Jesus sees everything very differently from us. It's not about winning. A winner feels that he or she is the owner of everything. Master of the Universe, we call him or her. But it turns out those who own everything are no longer free. That is the great irony. The Argentine singer-songwriter Facundo Cabral often said, “[T]he conqueror, by having to guard his conquest, becomes the slave of all that he conquered.” Those who own everything are owned (possessed) by their many possessions. Therefore, in the Gospel of Jesus the consistent and persistent message is that you must lose to win. It’s not about winning. Sell it all. Give it to the poor. Follow me. The problem is not that you have wealth, but that your wealth has you, and it so impoverishes your soul that sooner rather than later you do end up belittling and oppressing others with your obsession to own everything, with your sense of superiority, with your great list of material and moral successes.
Eternal life does not begin after death but in this life. Eternal life is the quality of life enjoyed here and right now by every person who is dedicated to the well-being of people and this beautiful creation in which God has placed us— not as owners but rather as gardeners and stewards. The kingdom of God is not in another world but is found in this one; when there are no owners imprisoned by their riches but all are free servants of one another, therefore no one is enslaved, no one is owned, no one is a commodity. The kingdom of God is the realization of Beloved Community, where the dignity of each person is respected, where no one is pushed around, where love reigns and therefore we live in peace and justice.
How good do we have to be? The two rabbis I mentioned, Kushner and Jesus, are not interested in that. Eternal life is not won; we have already inherited it! We don't have to be anything else because everything that we wish we were we already are! Since before the foundation of the world, you and I are sons and daughters who God contemplates and gazes upon with infinite love, kept as the apple of those divine eyes that continually invite us to be free and to follow Jesus on the way of love where we will have life and have it abundantly.
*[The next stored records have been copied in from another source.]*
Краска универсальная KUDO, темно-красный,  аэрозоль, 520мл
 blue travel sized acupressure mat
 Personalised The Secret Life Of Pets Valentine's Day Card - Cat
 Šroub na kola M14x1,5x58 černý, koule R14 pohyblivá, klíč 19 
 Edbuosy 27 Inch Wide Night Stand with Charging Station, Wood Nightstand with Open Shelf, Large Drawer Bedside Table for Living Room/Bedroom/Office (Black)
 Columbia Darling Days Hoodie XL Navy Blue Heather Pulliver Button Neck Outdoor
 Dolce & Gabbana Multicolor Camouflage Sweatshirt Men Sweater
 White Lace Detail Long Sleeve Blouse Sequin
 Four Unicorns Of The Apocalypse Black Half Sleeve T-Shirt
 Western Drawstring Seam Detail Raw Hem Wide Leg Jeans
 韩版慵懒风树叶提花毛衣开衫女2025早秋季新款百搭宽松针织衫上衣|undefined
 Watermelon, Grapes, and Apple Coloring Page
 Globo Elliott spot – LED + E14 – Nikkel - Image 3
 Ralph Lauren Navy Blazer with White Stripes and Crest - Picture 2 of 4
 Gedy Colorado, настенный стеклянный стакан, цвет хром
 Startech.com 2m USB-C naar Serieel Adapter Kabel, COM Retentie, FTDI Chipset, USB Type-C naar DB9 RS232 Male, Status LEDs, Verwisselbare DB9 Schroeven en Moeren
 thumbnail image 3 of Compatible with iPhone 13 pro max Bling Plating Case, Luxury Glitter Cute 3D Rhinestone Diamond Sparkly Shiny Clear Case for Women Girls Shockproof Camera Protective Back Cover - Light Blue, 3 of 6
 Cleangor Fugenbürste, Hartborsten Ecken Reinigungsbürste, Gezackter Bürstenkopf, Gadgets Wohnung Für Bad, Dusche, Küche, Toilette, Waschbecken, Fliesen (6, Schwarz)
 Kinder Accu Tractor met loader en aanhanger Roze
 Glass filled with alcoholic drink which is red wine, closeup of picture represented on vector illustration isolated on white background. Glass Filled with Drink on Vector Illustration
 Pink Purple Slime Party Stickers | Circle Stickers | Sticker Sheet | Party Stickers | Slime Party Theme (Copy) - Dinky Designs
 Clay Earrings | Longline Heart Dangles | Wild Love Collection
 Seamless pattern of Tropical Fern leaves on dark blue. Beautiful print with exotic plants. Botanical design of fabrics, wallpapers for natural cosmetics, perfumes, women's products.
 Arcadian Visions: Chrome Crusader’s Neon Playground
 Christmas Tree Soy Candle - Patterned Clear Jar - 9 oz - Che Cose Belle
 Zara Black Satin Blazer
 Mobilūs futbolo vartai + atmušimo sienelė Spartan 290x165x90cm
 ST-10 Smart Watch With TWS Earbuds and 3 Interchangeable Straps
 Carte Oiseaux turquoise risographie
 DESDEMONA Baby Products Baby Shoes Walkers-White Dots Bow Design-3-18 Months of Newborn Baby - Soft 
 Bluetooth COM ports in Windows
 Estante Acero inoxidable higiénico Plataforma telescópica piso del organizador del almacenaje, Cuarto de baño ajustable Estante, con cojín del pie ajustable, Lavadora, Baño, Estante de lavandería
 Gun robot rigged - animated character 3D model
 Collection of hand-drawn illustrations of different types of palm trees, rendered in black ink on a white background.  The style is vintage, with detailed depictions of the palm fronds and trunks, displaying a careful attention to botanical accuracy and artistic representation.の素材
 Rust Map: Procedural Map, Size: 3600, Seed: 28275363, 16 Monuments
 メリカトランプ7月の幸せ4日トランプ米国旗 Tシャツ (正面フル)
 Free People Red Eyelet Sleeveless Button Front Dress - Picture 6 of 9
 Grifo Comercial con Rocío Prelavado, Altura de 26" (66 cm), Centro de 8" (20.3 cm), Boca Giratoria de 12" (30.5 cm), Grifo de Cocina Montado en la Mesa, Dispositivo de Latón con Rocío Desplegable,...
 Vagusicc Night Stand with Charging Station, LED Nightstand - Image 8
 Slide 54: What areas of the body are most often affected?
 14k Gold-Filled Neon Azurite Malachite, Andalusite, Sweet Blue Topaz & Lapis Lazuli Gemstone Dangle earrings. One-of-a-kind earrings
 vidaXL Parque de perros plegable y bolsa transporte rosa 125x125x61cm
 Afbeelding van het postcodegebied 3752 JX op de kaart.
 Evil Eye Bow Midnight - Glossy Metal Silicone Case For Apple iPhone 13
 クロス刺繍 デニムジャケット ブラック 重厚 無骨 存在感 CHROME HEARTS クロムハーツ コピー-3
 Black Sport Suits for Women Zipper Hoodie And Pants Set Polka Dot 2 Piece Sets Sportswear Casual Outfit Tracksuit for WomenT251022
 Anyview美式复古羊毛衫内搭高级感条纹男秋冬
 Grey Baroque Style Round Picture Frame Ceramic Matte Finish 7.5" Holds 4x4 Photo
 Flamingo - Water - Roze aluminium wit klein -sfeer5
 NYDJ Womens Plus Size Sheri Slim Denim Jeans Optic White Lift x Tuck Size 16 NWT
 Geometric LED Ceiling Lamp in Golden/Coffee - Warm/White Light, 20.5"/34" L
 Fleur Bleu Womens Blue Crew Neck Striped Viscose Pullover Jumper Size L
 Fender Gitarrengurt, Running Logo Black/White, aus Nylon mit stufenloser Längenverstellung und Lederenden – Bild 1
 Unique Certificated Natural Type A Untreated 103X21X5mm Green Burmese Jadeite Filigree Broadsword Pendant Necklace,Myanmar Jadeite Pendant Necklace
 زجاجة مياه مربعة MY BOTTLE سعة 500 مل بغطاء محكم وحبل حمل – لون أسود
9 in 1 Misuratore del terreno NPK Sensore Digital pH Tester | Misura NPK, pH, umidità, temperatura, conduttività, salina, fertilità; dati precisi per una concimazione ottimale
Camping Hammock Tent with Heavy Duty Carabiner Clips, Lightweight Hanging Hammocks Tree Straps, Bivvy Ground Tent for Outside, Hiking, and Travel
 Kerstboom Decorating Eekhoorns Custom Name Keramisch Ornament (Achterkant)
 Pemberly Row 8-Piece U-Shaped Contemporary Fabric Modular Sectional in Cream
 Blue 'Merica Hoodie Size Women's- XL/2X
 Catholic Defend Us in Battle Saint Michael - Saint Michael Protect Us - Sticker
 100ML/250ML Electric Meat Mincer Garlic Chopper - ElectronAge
Lord, make us instruments of your peace.
Where there is hatred, let us sow love;
where there is injury, pardon;
where there is discord, union;
where there is doubt, faith;
where there is despair, hope;
where there is darkness, light;
where there is sadness, joy.
Grant that we may not so much seek to be consoled as to console;
to be understood as to understand;
to be loved as to love.
For it is in giving that we receive;
it is in pardoning that we are pardoned;
and it is in dying that we are born to eternal life. Amen.
- A Prayer attributed to St. Francis Book of Common Prayer, p. 833
The Rev. Daniel Robayo is the missioner for Latino/Hispanic ministries in the Diocese of North Carolina.